> **Assigned task**:
Copy, word for word, the lines of the entries below between the one with "Overcoming Intolerance in" and the one with "进中央戏剧学院一定要有特长吗", inclusive, and leave out everything else.

> **Excerpted records**:
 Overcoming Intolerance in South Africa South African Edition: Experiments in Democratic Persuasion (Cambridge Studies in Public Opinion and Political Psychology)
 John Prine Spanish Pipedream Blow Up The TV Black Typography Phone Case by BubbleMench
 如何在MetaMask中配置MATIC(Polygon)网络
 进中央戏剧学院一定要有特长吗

...

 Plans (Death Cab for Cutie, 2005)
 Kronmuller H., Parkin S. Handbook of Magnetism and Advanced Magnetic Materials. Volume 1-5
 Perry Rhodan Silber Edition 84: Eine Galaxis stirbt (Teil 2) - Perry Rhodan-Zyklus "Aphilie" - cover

> **Exercise solution**:
 Overcoming Intolerance in South Africa South African Edition: Experiments in Democratic Persuasion (Cambridge Studies in Public Opinion and Political Psychology)
 John Prine Spanish Pipedream Blow Up The TV Black Typography Phone Case by BubbleMench
 如何在MetaMask中配置MATIC(Polygon)网络
 进中央戏剧学院一定要有特长吗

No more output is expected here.